D. J. Bernstein
Fast arithmetic

# The transposition principle

## Transposition of a matrix

Fix positive integers r and c. Fix a matrix M with r rows and c columns. The standard linear algorithm to compute Mx, given a vector x = (x_1, x_2, ..., x_c), takes rc multiplications by the entries of M and r(c-1) additions.

Some standard optimizations: If an entry of M is known to be 1, its multiplication can be skipped. If an entry of M is known to be 2, its multiplication can be replaced by an addition (a doubling). If an entry of M is known to be 0, its multiplication and corresponding addition can be skipped. (Exception: the addition cannot be skipped if there is no addition, i.e., if the entire row of M is known to be 0.)

Write M* for the transpose of M. The standard linear algorithm to compute M*y, given a vector y = (y_1, y_2, ..., y_r), takes rc multiplications by the entries of M and (r-1)c additions.

The transposition principle states that the multiplication by M* has almost exactly the same complexity as the multiplication by M. More precisely, it has the same number of multiplications and exactly r-c more additions. Furthermore, the standard optimizations save the same number of multiplications for M* as they do for M, and the same number of additions for M* as they do for M. (Exception: a row of M known to be 0 loses an addition for M; a column of M known to be 0 loses an addition for M*. In other words, transposition preserves the number of additions plus the number of nontrivial outputs.)

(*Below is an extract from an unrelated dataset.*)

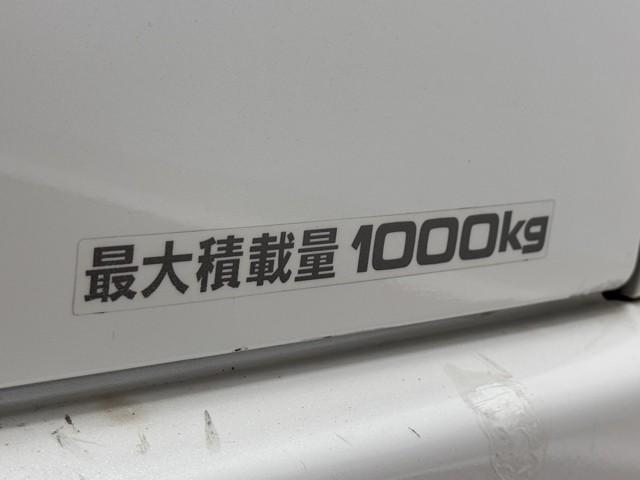 ハイエースバン スーパーＧＬ　ダークプライムＩＩ　ＬＥＤヘットライト　メモリーナビゲーション　ミュージックプレイヤー接続可　地デジ　スマキー　ＡＢＳ　フルフラット　盗難警報装置　運転席エアバッグ　リアクーラー　オートエアコン　パワーウインドウ　記録簿（19枚目）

## Transposition of a circuit

A linear circuit is, by definition, a sequence of matrices M_s, ..., M_2, M_1 with sizes suitable for a product M_s...M_2M_1. The linear circuit specifies a computation of M_s...M_2M_1x, given a vector x: multiply x by M_1, multiply the result by M_2, and so on.

The transposition principle states that the computation for the transposed linear circuit M_1*, M_2*, ..., M_s* has almost exactly the same complexity as the computation for the linear circuit M_s, ..., M_2, M_1.

More precisely, the transposed computation has the same number of multiplications as the original computation, and the same number of additions plus the length of M_s...M_2M_1x minus the length of x. As above, the standard optimizations produce the same savings for the transposed computation as for the original computation. (Exception: a row of M_i known to be 0 loses an addition for M_s,...,M_1; a column of M_i known to be 0 loses an addition for M_1*,...,M_s*.)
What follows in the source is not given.